Every Indian state has its own language. In Maharashtra – Marathi, in Tamil Nadu – Tamil, in Goa – Konkani… and so on. The language of Kerala is Malayalam, probably the fastest language in the world. English is spoken here more widely then Hindi. This is the reason why I never learned Hindi.

Fort Cochin has a reach history. In old times the Chinese came to this area and left the Chinese fish nets here. These nets are still used by the local fishermen. They look so picturesquely in sunset light! Tourists love to photograph them.

A little later the Jewish came, leaving ancient synagogue with very well preserved floor tiles.

After that the Dutch came. They left the fort itself and the cemetery.

…someone put a chicken foot into a crack in one of the tomb stones. It looks like woo doo deal.

Almost right away I make friends with people from the whole European Unity. They have two things in common: they all work on the local factory of plastic pots and sockets and they all are frequenters of the restaurant I sing in.

On my first contract in Bombay I was spoiled by the German management of the hotel. Here in Kerala in the hotel with Indian management, the atmosphere of patriarchate reins and I am being controlled. This is not for me, since I refer myself to the kind of people who don’t need any managers for keeping order and being self-organized.

For example, I tell myself: “I need to learn that language”. Period. I take a self-learning book and release it from my hands, let say, in a year when the language is learned to the level, stated at the beginning by me as well. And I don’t need any mentors. I am my own best mentor.

The same thing I can say about my behavior and morality. If I acknowledge it as needed – I do it, if not, I don’t do it. Yes, this is pretty anarchic point of view but I never said it’s good for everyone.

Anyway I should have a conversation with the hotel’s General Manager.

- Sir, I came from the country where no one cares about my behavior and I intend to leave the hotel and have parties where I want and with whom I want. You are not going to be able to control me as you controlled the former Filipino singers. I have University education! – For some reason I screw it in. – No one can stop me sir!

And in order to be more convincing I add: – Pleeees… – now my voice sounds lamentably.

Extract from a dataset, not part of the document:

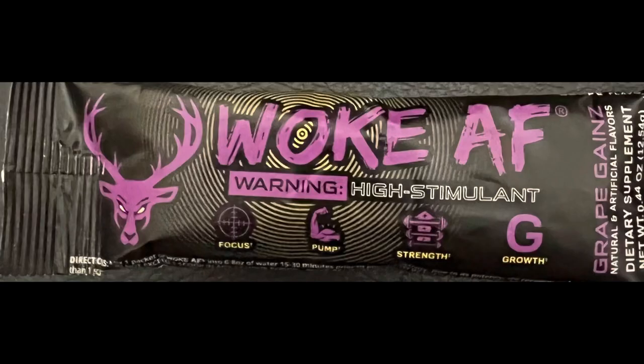It's got a warning on it as well, I'll put a little picture there so you can see. It's got 333 milligrams of caffeine. The flavor is Grape Gains — I hope I don't gain any grapes, that's not going to be a good look.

It must work.

Fortunately sir is a reasonable man. He understands what I am talking about, agrees to set me free and doesn’t regret it after. Now I can accept an invitation of the managers of pots and sockets to Alleppey trip.

Alleppey is a village on the backwaters in a couple of hours away from Cochin. Annual snake boats race is going on there and that is why we are going there too.

Rainy season, very humid and hot. The greenery is so yang that has the lime color. Black, filthy water of Alleppey seems to be thick as a jelly. This is the normal look for the majority of Indian waters.

The crowd is already here. Red flags, posters and pictures of Lenin and Marx are hanging on palm trees. This is how Russia could look after the slope of the Earth’s axis changes. Alleppey is the place where communists won. There are lots of places like that in ‘asias’ and ‘latinamericas’. Workers of all the poor countries still can see the salvation from discrimination only under the shadow of the red flag with the hammer and the sickle.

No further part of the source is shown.